IT MAY seem hard to believe, but only 15 years ago many of us were talking confidently about ‘peak oil’ — the moment of maximum global oil output after which, with world reserves dwindling, its use would begin an irreversible decline. Then along came hydraulic fracturing, or fracking, and the very notion of peak oil largely vanished. Instead, some analysts began speaking of ‘peak oil demand’ — a moment, not so far away, when electric vehicle ownership would be so widespread that the need for petroleum would largely disappear, even if there was still plenty of it to frack or drill. However, in 2020, electric vehicles made up less than one per cent of the global light-vehicle fleet and are only expected to reach 20 per cent of the total by 2040. So peak-oil demand remains a distant mirage, leaving us deeply beholden to the tyranny of petroleum, with all its perilous consequences.
For some perspective on this, recall that, in those pre-fracking days at the start of the century, many experts were convinced that world petroleum output would hit a daily peak of perhaps 90 million barrels in 2010, dropping to 70 or 80 million barrels by the end of that decade. In other words, we would have little choice but to begin converting our transportation systems to electricity, pronto.
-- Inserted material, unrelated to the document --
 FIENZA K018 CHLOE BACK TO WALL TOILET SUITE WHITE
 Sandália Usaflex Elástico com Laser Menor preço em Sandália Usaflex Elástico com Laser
That would have caused a lot of disruption at first, but by now we would be well on our way to a green-energy future, with far less carbon emissions and a slowing pace of global warming.
Now, compare those hopeful scenarios with the latest data from the US Energy Information Administration. At the moment, world oil production is hovering at around 100 million barrels daily and is projected to reach 109 million barrels by 2030, 117 million by 2040, and a jaw-dropping 126 million by 2050. So much, in other words, for ‘peak oil’ and a swift transition to green energy.
Why global oil consumption is expected to hit such heights remains a complex tale. Foremost among the key factors, however, has certainly been the introduction of fracking technology, permitting the exploitation of mammoth shale reserves once considered inaccessible. On the demand side, there was, and remains, a worldwide preference — spearheaded by American consumers — for large, gas-guzzling SUVs and pickup trucks. In the developing world, it’s accompanied by an ever-expanding market for diesel-powered trucks and buses. Then there’s the global growth in air travel, sharply increasing the demand for jet fuel. Add to that the relentless efforts by the oil industry itself to deny climate-change science and obstruct global efforts to curb fossil-fuel consumption.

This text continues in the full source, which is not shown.